Jun 12 2012

Identifying and Managing Overstaffed Branches


It will be increasingly hard to justify building and staffing branches in traditional ways without strategic thinking on how to drive down branch costs or drive up branch-dependent revenue.

This brief, Identifying and Managing Overstaffed Branches, is the third in a four-part series that identifies and quantifies cost items at credit unions.

Credit unions should have a firm grasp on their costs, but detailed cost analysis is not always easy to do. This brief ’s primary purpose is to point the way for credit unions that would like to analyze their own offerings and to offer benchmark numbers to credit unions without the resources to do their own detailed cost analysis. Thus, the data given are directionally useful, even if the credit unions cited differ from yours in size.

What is noteworthy is that of all the members who solely used the branch for savings account withdrawals, fully 65% of them were unprofitable at a member level.

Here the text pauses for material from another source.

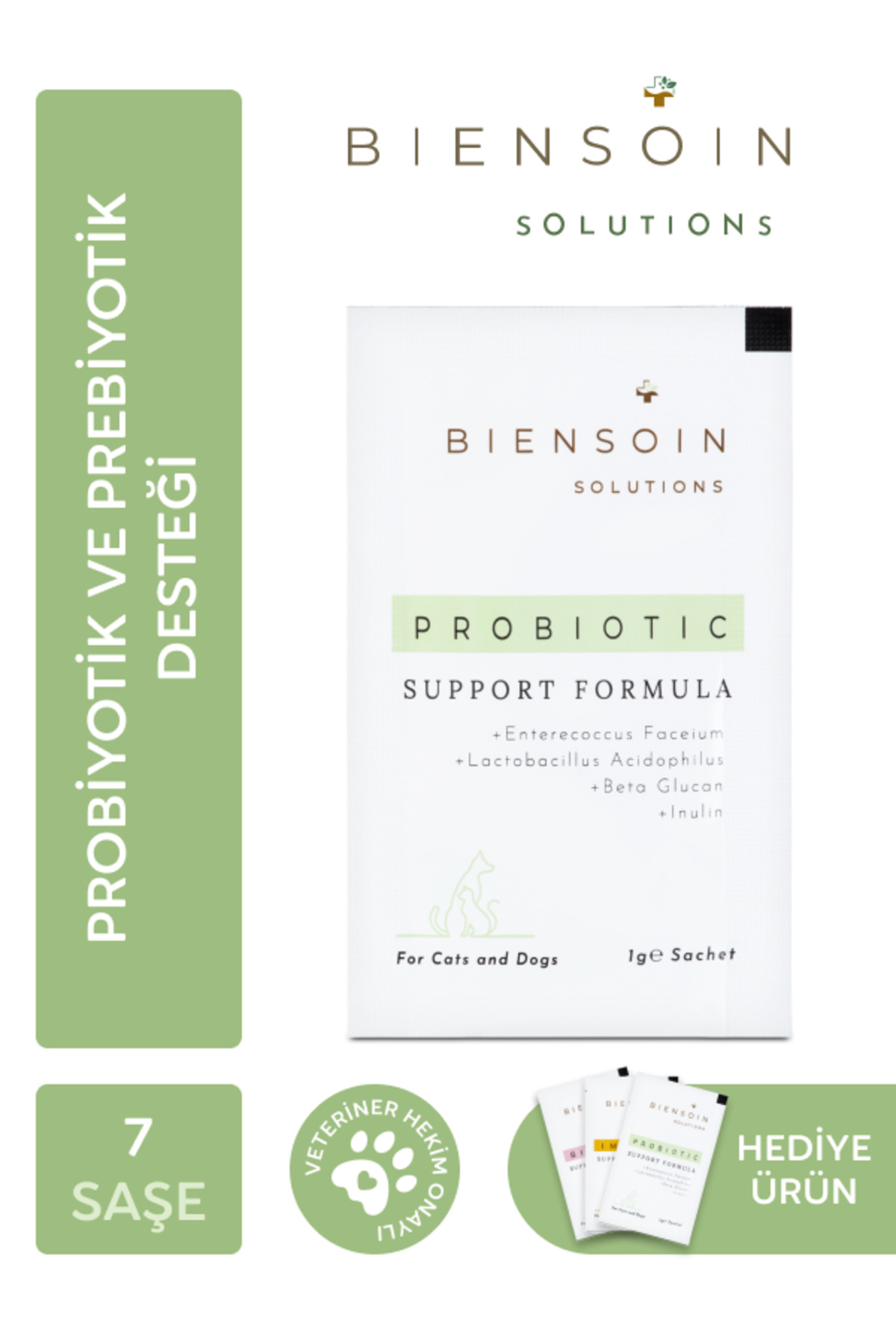 پودر پروبیوتیک و پری‌بیوتیک سگ بیانسوین سولوشنز Biensoin Solutions، ۷ ساشه ۱ گرمی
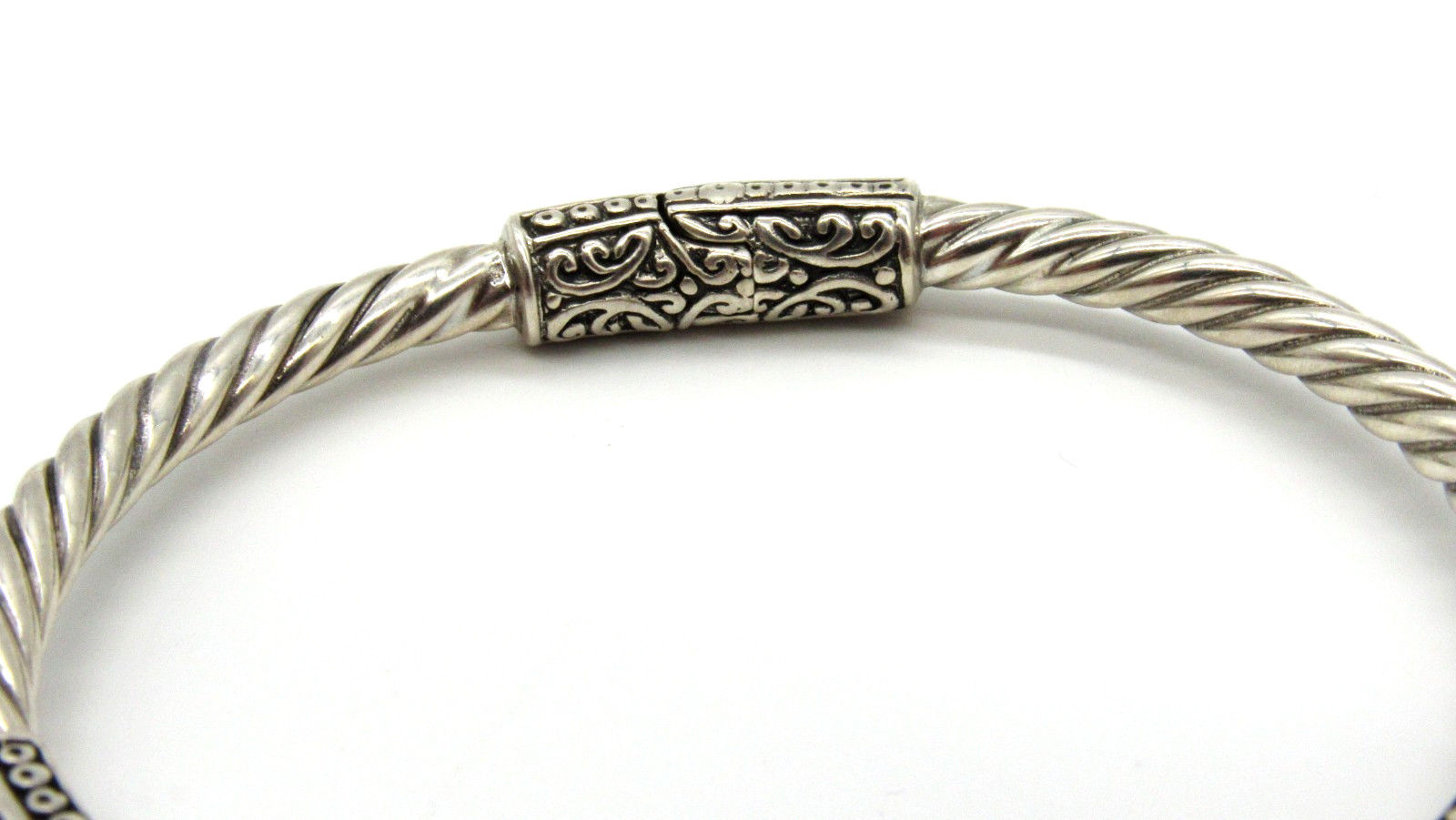 Robert Manse Sterling Silver 18k Citrine Hinged Cuff Bracelet 6.5”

As a final point of emphasis, this brief does not take a position on whether branches themselves are a problem. They are too intertwined in most credit unions’ delivery strategies to consider abandoning altogether. Instead, this report should be read as a critique of the urge to drive transactions to the branch when they can be better conducted elsewhere. Moving the members with a low profitability profile toward channels that will improve their profitability profile will better serve all members, who expect the credit union to grow and thrive.